根据本发明实施例,还提供了一种码流的处理装置,该装置用于实现实施例三所提供的方法。
图4是根据本发明实施例的码流的处理装置400的结构示意图,如图4所示,处理装置400主要包括:获取模块402和执行模块404。应当理解,图4中所表示的各个模块的连接关系仅为示例,本领域技术人员完全可以采用其它的连接关系,只要在这样的连接关系下各个模块也能够实现本发明的功能即可。
在本说明书中,各个模块的功能可以通过使用专用硬件、或者能够与适当的软件相结合来执行处理的硬件来实现。这样的硬件或专用硬件可以包括专用集成电路(ASIC)、各种其它电路、各种处理器等。当由处理器实现时,该功能可以由单个专用处理器、单个共享处理器、或者多个独立的处理器(其中某些可能被共享)来提供。另外,处理器不应该被理解为专指能够执行软件的硬件,而是可以隐含地包括、而不限于数字信号处理器(DSP)硬件、用来存储软件的只读存储器(ROM)、随机存取存储器(RAM)、以及非易失存储设备。
在本发明实施例中,获取模块402,设置为从码流中获取包括是否对多层视频码流的整体和/或部分执行视频图像序号POC对齐操作的指示信息的标识及控制信息。执行模块406,设置为根据所述标识及控制信息的指示,对所述码流中需要执行POC对齐操作的部分执行POC对齐。

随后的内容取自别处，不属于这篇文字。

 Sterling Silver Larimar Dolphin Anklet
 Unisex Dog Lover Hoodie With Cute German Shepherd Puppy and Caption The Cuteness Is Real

可选的,执行模块404可以包括:确定模块,设置为根据所述标识及控制信息所在字段的有效范围以及所述标识及控制信息的取值,确定所述多层视频码流中开启和/或关闭POC对齐操作的图像;控制模块,设置为对开启POC对齐操作的图像执行POC对齐操作。
本实施例的装置可以是视频通信应用中相关码流接收播放设备,例如,手机、计算机、服务器、机顶盒、便携式移动终端、数字摄像机,电视广播系统设备等。该装置可以位于宿设备中,该处理装置可以处理以下至少一种多层视频信号:可伸缩视频,多视点视频,多视点深度,多视点视频+多视点深度。其中,立体视频是多视点视频的一种视点数等于2的特殊形式。
实施例五
根据本发明实施例,还提供了一种使用码流的通信系统。
图5为根据本发明实施例的使用码流的通信系统500的结构示意图,如图5所示,根据本发明实施例的多层视频码流的传输系统500包括源设备502和宿设备504。其中,源设备502包括上述实施例二中所述的码流的生成装置200,宿设备504包括上述实施例四中所述的码流的处理装置400。在本实施例中,源设备502可以按照实施例一中所述的方法生成码流并输出,宿设备504接收该码流,并按照实施例三中所述的方法对该码流进行处理,具体参见上述明实施例,本实施列中不再赘述。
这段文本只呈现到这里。